Big moving bay horse liked to do a funny mini rear buck thing in the school but not a nasty horse! Soooo honest and he would try hard for his rider.

He's bay with a star and snip. four white socks (see photos)

He'd be about 17 ish now.

This horse taught me so very much and I owe him a lot, if he ever needed a home I would always have (buy) him back even if he just needed a retirement home!

(BUT I'd like to point out my I am not here so that I can get him back I just want to know he's okay)

ANY info good or bad would be great.


----------



## cally6008 (13 March 2013)

Yes I do know of him, he's on my website.
Edit to add - It was Ross that put him on the website.


----------



## kezz86 (13 March 2013)

cally6008 said:



			Yes I do know of him, he's on my website.
Edit to add - It was Ross that put him on the website.
		
Click to expand...

Thanks...

This is after I sold him to Ross... I don't know where he's gone since Ross sold him and unfortunately Ross hasn't replied to my email about where he may have gone to.

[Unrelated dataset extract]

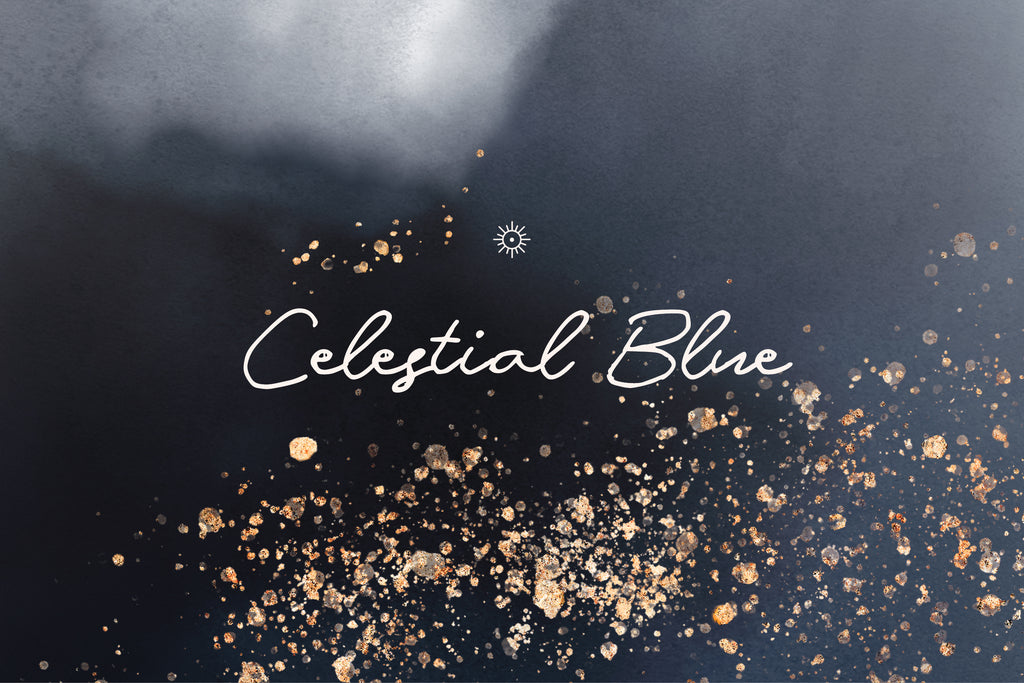 Celestial Blue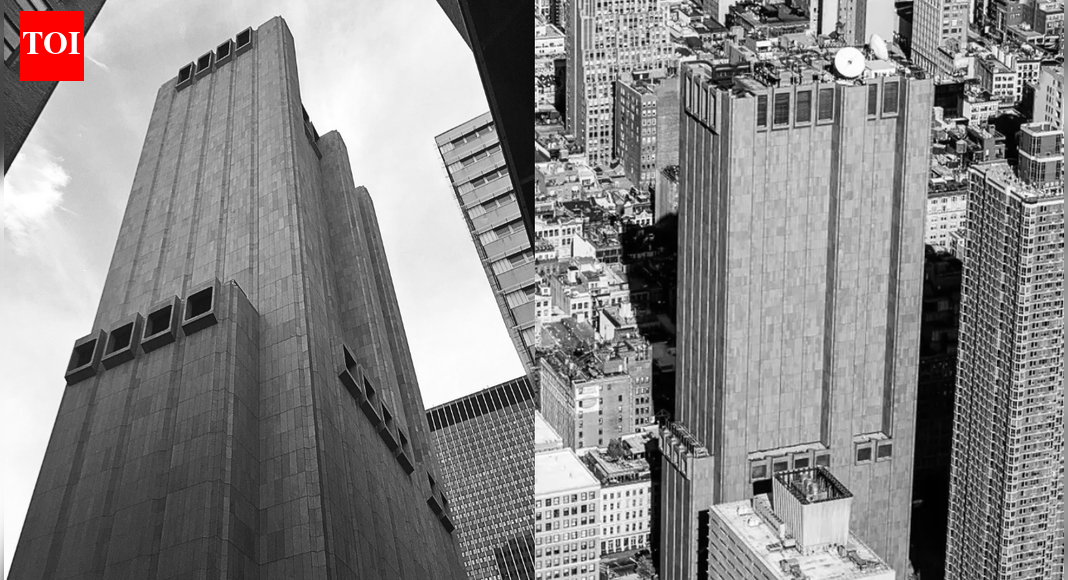 Dark truth behind New York’s 29-story windowless skyscraper and why people think it’s hiding something |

I always said there was a place for him with me but unfortunately I didn't know he was for sale when he was last sold. 

I keep finding myself thinking about this special horse so thought I'd pop this up just in case someone in Devon or Cornwall knows him.


----------



## Queenbee (15 March 2013)

kezz86 said:



			Thanks...

This is after I sold him to Ross... I don't know where he's gone since Ross sold him and unfortunately Ross hasn't replied to my email about where he may have gone to.

I always said there was a place for him with me but unfortunately I didn't know he was for sale when he was last sold. 

I keep finding myself thinking about this special horse so thought I'd pop this up just in case someone in Devon or Cornwall knows him.
		
Click to expand...


Have you added it to the d & c fb groups? There are quite a few groups for that area.


----------



## kezz86 (4 July 2013)

Still looking for this boy if anyone knows him. 
I've added to a few groups on FB please share if you're in the area. 
Thanks all!


----------



## cally6008 (4 July 2013)

Feel free to update advert on TE and add photo and say you're looking for him


----------



## kezz86 (5 July 2013)

cally6008 said:



			Feel free to update advert on TE and add photo and say you're looking for him
		
Click to expand...

Thanks!


----------



## kezz86 (5 July 2013)

More detailed description of Fletcher

Bay gelding with a star and a snip on his left nostril, 15.2-16hh, born 1994-95, parents unknown. He is TB X Welsh Cob but we think he may have Hackney in him. He loves to please, he enjoys jumping and doesn't like staying in his stable for long. He lives out all year. Rears and bucks now and then when in the sand school and can be a bit head shy and he is just about bombproof on the roads. Head - He has medline whorl at upper eye level. discrete star. white mark. Neck - whorl left neck middle third 4 ins. ventral to crest . whorl right neck, junction of middle and lower third 4 ins. ventral to crest, between nostrils snip into nostril. Limbs - left front leg white to pastern medially to fetlock palmo-medially. right front leg white to below fetlock. white foot. left hind leg white to mid cannon. white foot right hind leg white to mid cannon. white foot. Body - white hairs admixed at tail head and at flanks whorls at axillae. whorls at flank folds. very small settled splint lower left front cannon. Past Owners - Mr R.Allmett from Saltash, Miss K. Tunnell from Torpoint, Devon, and the owner before was Mrs Meddings, Fitzworthy Riding Centre near Ivybridge, Devon.


----------



## kezz86 (12 November 2013)

UPDATE - 

Fletcher has been found! 

Alive and well with new owners in Cornwall. 

I'm over the moon! His owners have sent me photos of him and he looks well.

For those still looking for their beloved friends don't give up it's worth it in the end.


----------



## Mariposa (12 November 2013)

Fabulous news  I love a happy ending!!


----------